When should an asterisk be encoded in an HTTP URL?

Tags:

According to RFC1738, an asterisk (*) "may be used unencoded within a URL":

Thus, only alphanumerics, the special characters "$-_.+!*'(),", and reserved characters used for their reserved purposes may be used unencoded within a URL.

However, w3.org's Naming and Addressing material says that the asterisk is "reserved for use as having special signifiance within specific schemes" and implies that it should be encoded.

Also, according to RFC3986, a URL is a URI:

The term "Uniform Resource Locator" (URL) refers to the subset of URIs that, in addition to identifying a resource, provide a means of locating the resource by describing its primary access mechanism (e.g., its network "location").

It also specifies that the asterisk is a "sub-delim", which is part of the "reserved set" and:

URI producing applications should percent-encode data octets that correspond to characters in the reserved set unless these characters are specifically allowed by the URI scheme to represent data in that component.

It also explicitly specifies that it updates RFC1738.

I read all of this as requiring that asterisks be encoded in a URL unless they are used for a special purpose defined by the URI scheme.

Is RFC1738 the canonical reference for the HTTP URI scheme?
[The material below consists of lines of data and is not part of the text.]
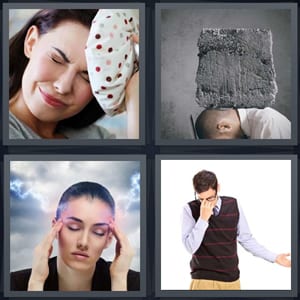 woman with sore head and cold compress, man with large stone on head, woman with pain at temples, man in pain wearing glasses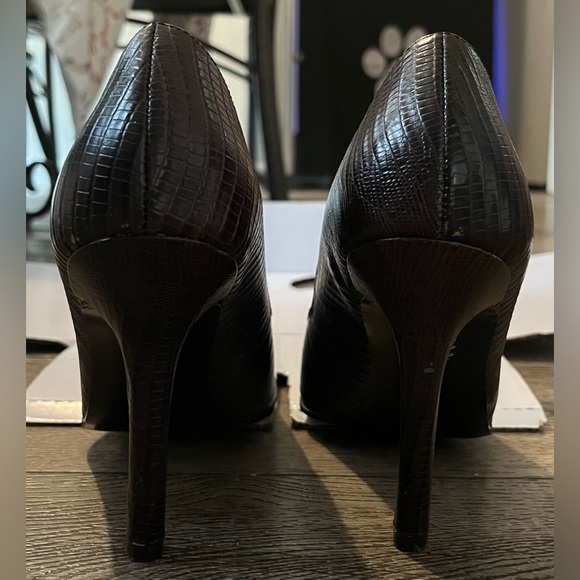 Aldo Leather Pointy Toe Embossed Brown 4” Heels Women’s size 7.5 - Picture 2 of 5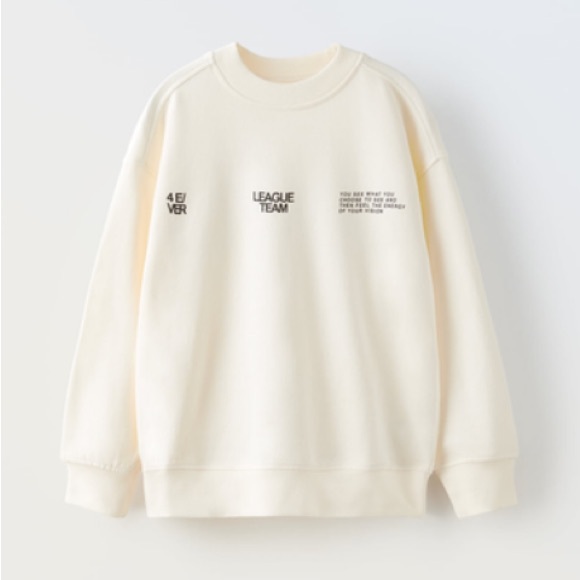 Zara Other - ZARA off white SKT league crew neck sweatshirt, almost new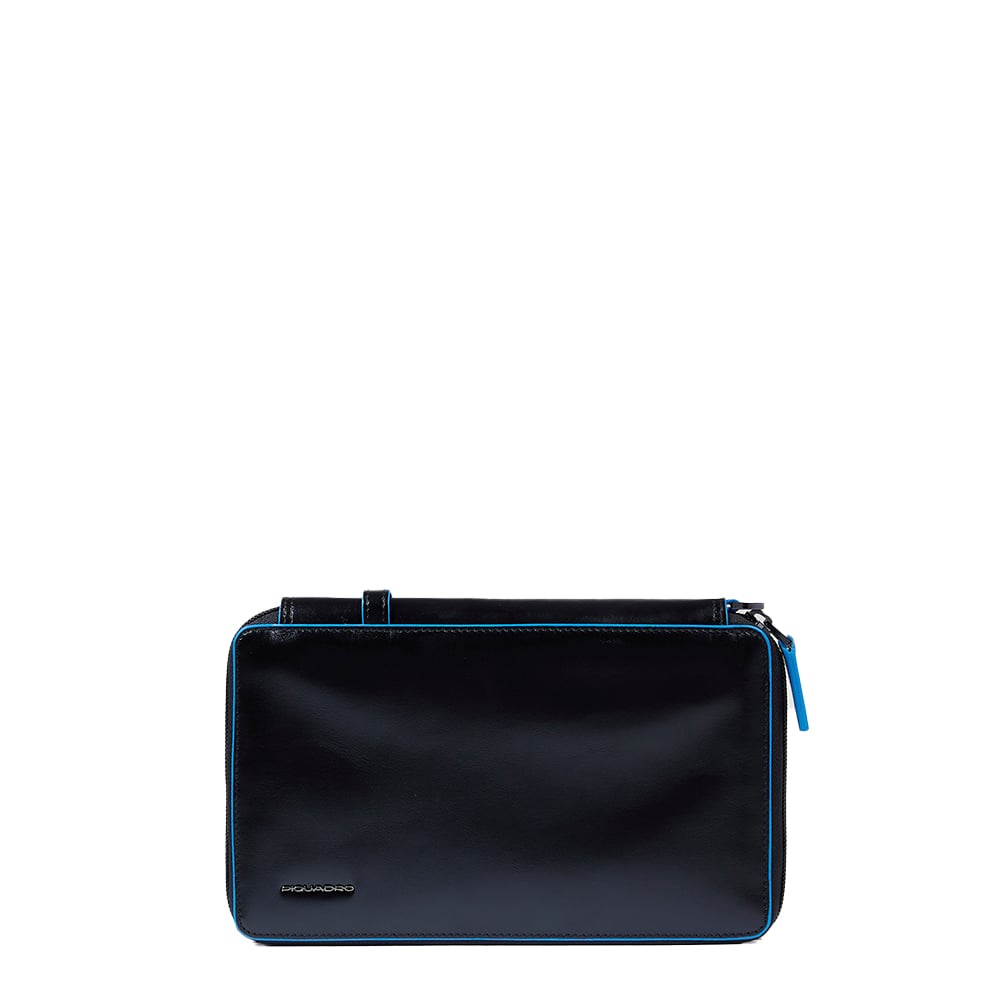 Zippered travel document holder with credit card slots, pen loop, and removable section. PIQUADRO Black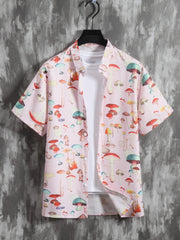 Men's Casual Mushroom Block Leaf Flower Pattern Print Short Sleeve Shirt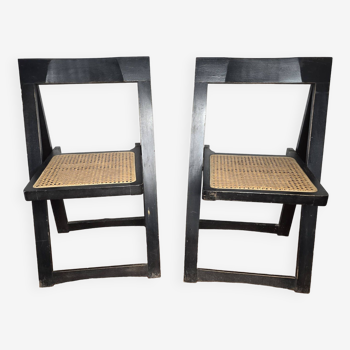Pair of caned folding chairs from the 70s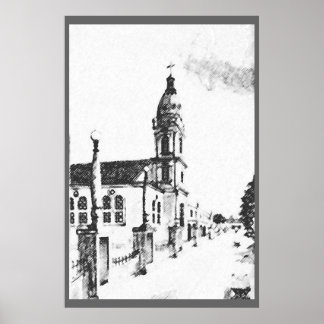 Church image in charcoal poster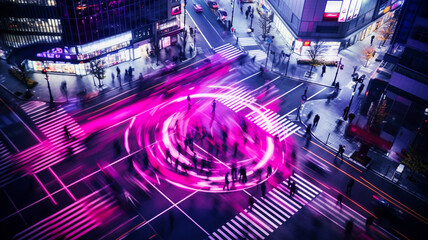 Poster - Aerial view of busy city with people and traffic at night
Does it somehow exempt the asterisk from encoding, or is it obsolete in that regard due to RFC3986?

Wikipedia says that "[t]he character does not need to be percent-encoded when it has no reserved purpose." Does RFC1738 remove the reserved purpose of the asterisk?

Various resources and tools seems split on this question.
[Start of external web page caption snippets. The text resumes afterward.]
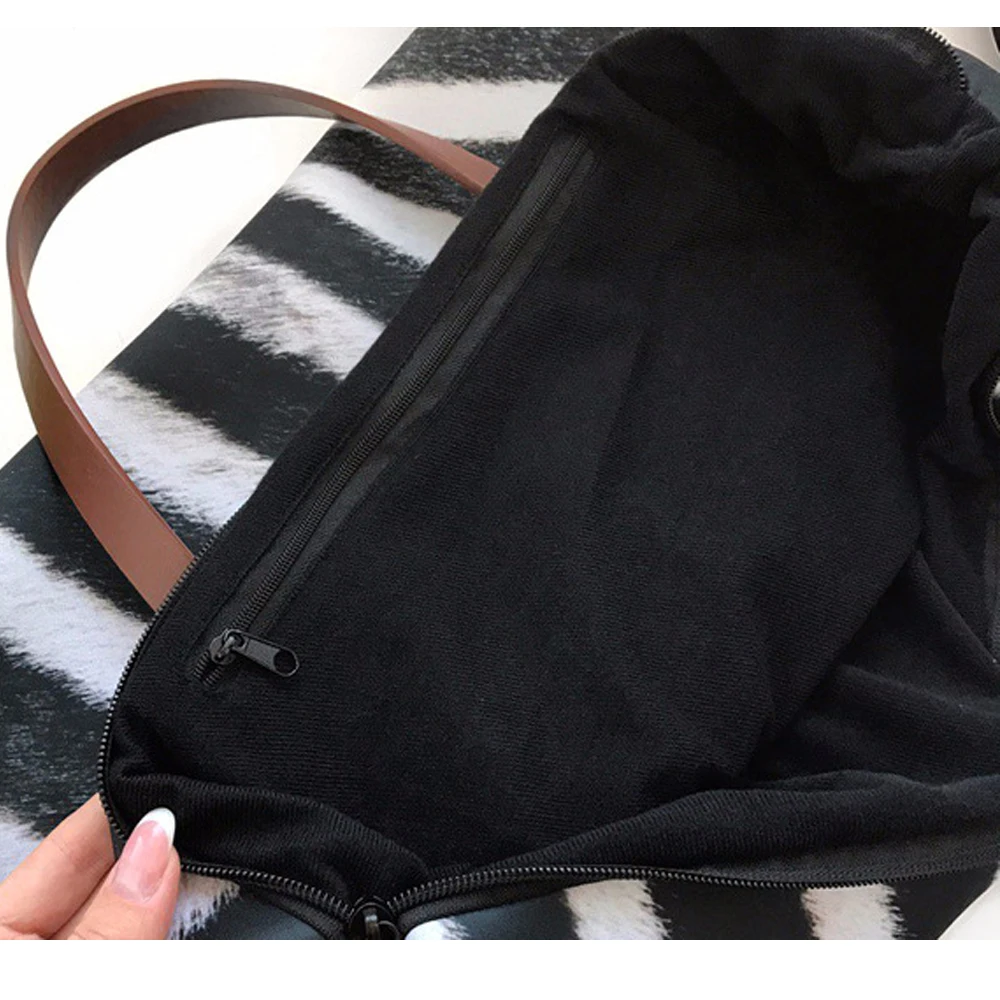 Роскошная женская сумка Coloranimal объемный черный тоут из денима с принтом в виде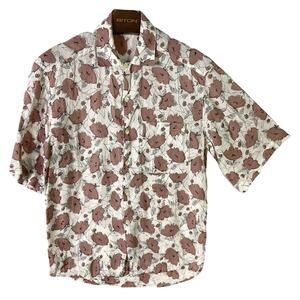 NWOT XACUS Shirt Men S ITALY Floral White Brown Linen?Pocket Button-Up Short-Slv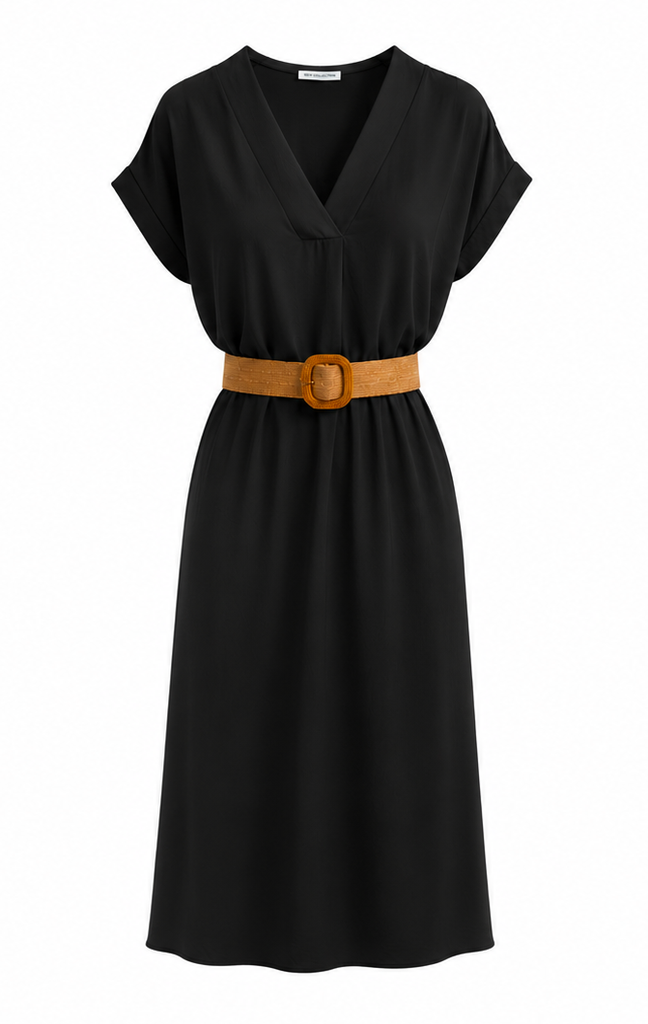 Jurk met riem - Zwart .webp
PHP's urlencode and rawurlencode-- the latter of which purports to follow RFC3986 -- do encode the asterisk.

However, JavaScript's escape and encodeURIComponent do not encode the asterisk.

And Java's URLEncoder does not encode the asterisk:

The special characters ".", "-", "*", and "_" remain the same.

Popular online tools (top two results for a Google search for "online url encoder") also do not encode the asterisk. The URL Encode and Decode Tool specifically states that "[t]he reserved characters have to be encoded only under certain circumstances." It goes on to list the asterisk and ampersand as reserved characters. It encodes the ampersand but not the asterisk.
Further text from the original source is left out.